Although both made from the loin….Pea meal bacon is cured but not smoked and coated with corn meal…..Canadian Bacon is cured and smoked……not traditionally rolled in Pea Mea…


----------



## Bruce B (Mar 13, 2007)

OK, so we have back bacon, pea meal bacon, Canadian Bacon, and one is cured and not smoked then rolled in pea meal and one is smoked but not cured and not rolled in pea meal and one is cured and smoked. Which one do you use pea meal on and which one do you use corn meal on? [smilie=a_whyme.gif]


----------



## SteerCrazy (Mar 13, 2007)

Looks good Puff


----------



## oompappy (Mar 13, 2007)

Looks good Puff! That stuff doesn't last long around here, in fact I 
think some of my friends and neighbors are addicted. 8) 




			
				Bruce B said:
			
		

> OK, so we have back bacon, pea meal bacon, Canadian Bacon,
> and one is cured and not smoked then rolled in pea meal and one is smoked
> but not cured and not rolled in pea meal and one is cured and smoked.
> Which one do you use pea meal on and which one do you use corn meal on?
> [smilie=a_whyme.gif]



Well, it's a free country. If you like nice crispy bits of corn meal 
on the edges of the bacon then it gets the meal. If not, just cure 
& smoke. I get requests for both. 
I would suggest making some up, do it both ways, and see for yourself.


----------



## Diva Q (Mar 13, 2007)

yum


----------



## Bruce B (Mar 13, 2007)

oompappy said:
			
		

> Looks good Puff! That stuff doesn't last long around here, in fact I
> think some of my friends and neighbors are addicted. 8)
> 
> 
> ...



Thanks OomPap, that's all I was looking for, I didn't know if it served another purpose other than just a texture/crusty thing.


----------



## john a (Mar 13, 2007)

I'll have mine with two eggs over easy and some home fries please.


----------



## Nick Prochilo (Mar 13, 2007)

Great job Puff!


----------



## Woodman1 (Mar 13, 2007)

I didn't know you cooked Puff!!!


----------



## BigGQ (Mar 14, 2007)

Nice looking bacon, Puff!  (note to self - add to the to do list)


----------



## Puff1 (Mar 14, 2007)

Thanks everyone. Had some for dinner last night but by the time I got the camera it was gone


----------



## SteerCrazy (Mar 15, 2007)

Puff, did you use a pork rub? I was thinkin maybe the wolfe rub would be good on that, what did you use??

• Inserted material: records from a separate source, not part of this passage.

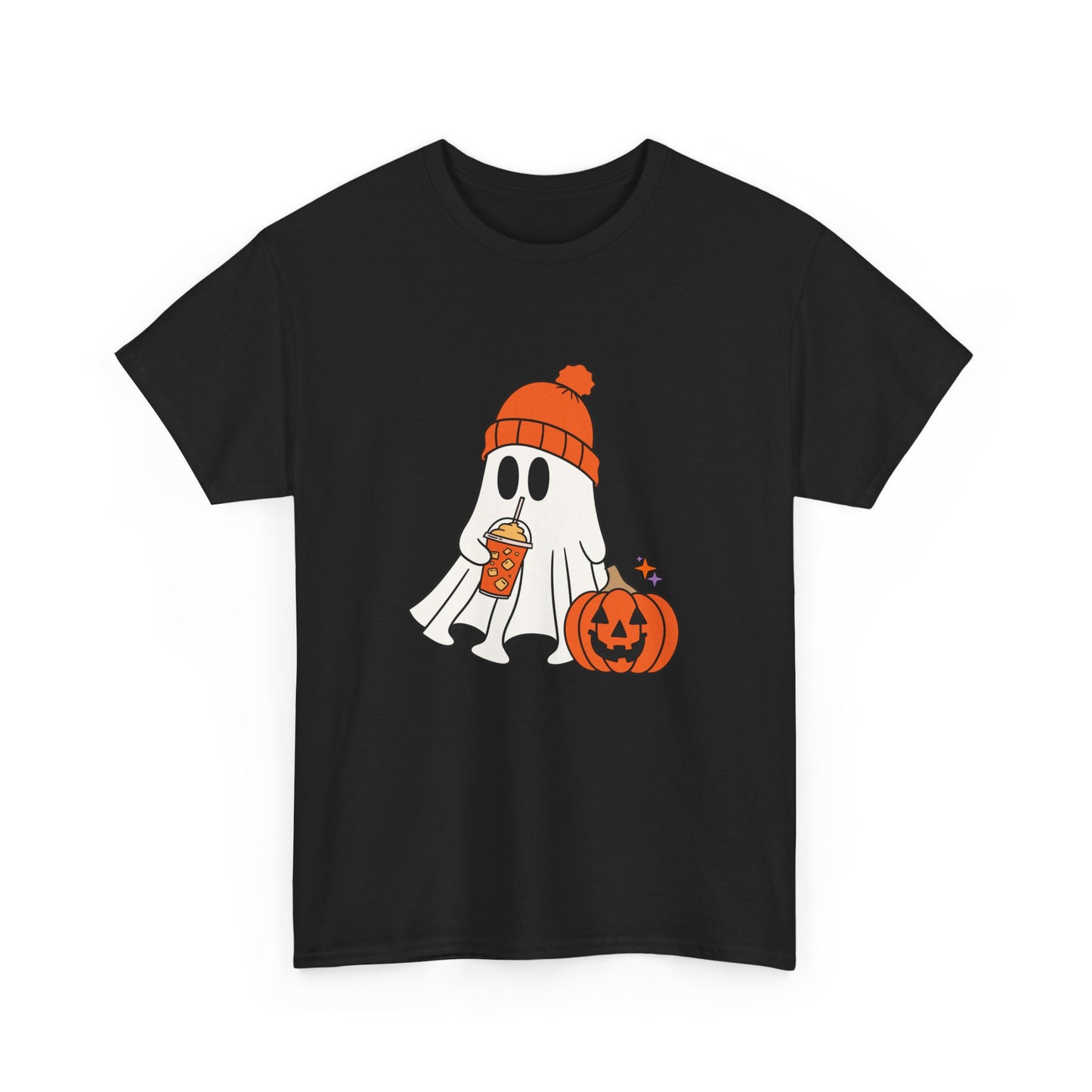 Cute Ghost with latte pumpkin Halloween Unisex Heavy Cotton Tee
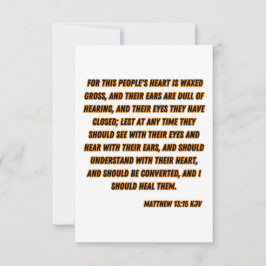 Cartão Matthew 13:15 Bíblia KJV Saudação Versa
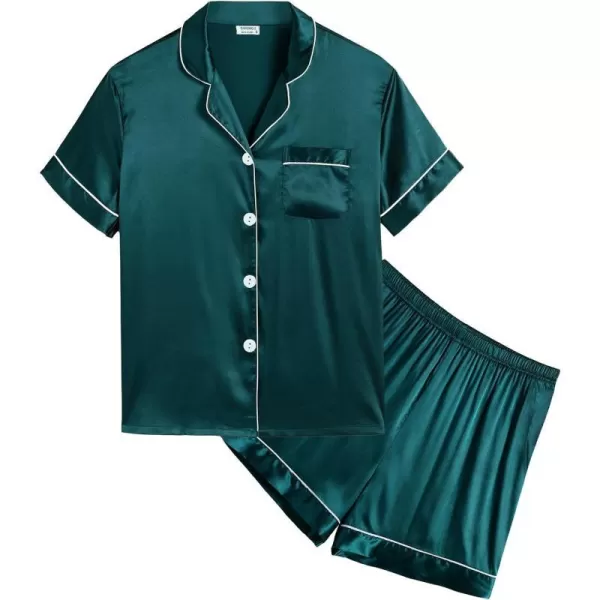 SWOMOG Kids Satin Pajamas Sets Girls Boys ButtonDown Pjs Short Sleeve Silk Nightwear 2 Piece Lounge SetsDeep Green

Also, is the tender quick available at the grocery store? I see it's a Morton's product which is pretty much readily available.


----------



## Puff1 (Mar 15, 2007)

SteerCrazy said:
			
		

> Puff, did you use a pork rub? I was thinkin maybe the wolfe rub would be good on that, what did you use??
> 
> Also, is the tender quick available at the grocery store? I see it's a Morton's product which is pretty much readily available.


I did use WRO. I forgot to mention that  
Most butcher stores carry Tender Quick, that's where I picked it up at.


----------



## Green Hornet (Mar 15, 2007)

Looks awesome dude!
I like to fry the slices up in some butter with the eggs. Heck of a breakfast or snack 8)


----------



## SteerCrazy (Mar 15, 2007)

Puff said:
			
		

> SteerCrazy said:
> 
> 
> 
> ...



Thanks, just picked up a 7lb pork loin. Found the tender quick at the grocery store   $3.75 per bag    oh well, Im sure it'll last!


----------



## Puff1 (Mar 16, 2007)

The bag I have is about 8 mos. old. Unless you do alot of curing it will last.
Good luck and keep us posted


----------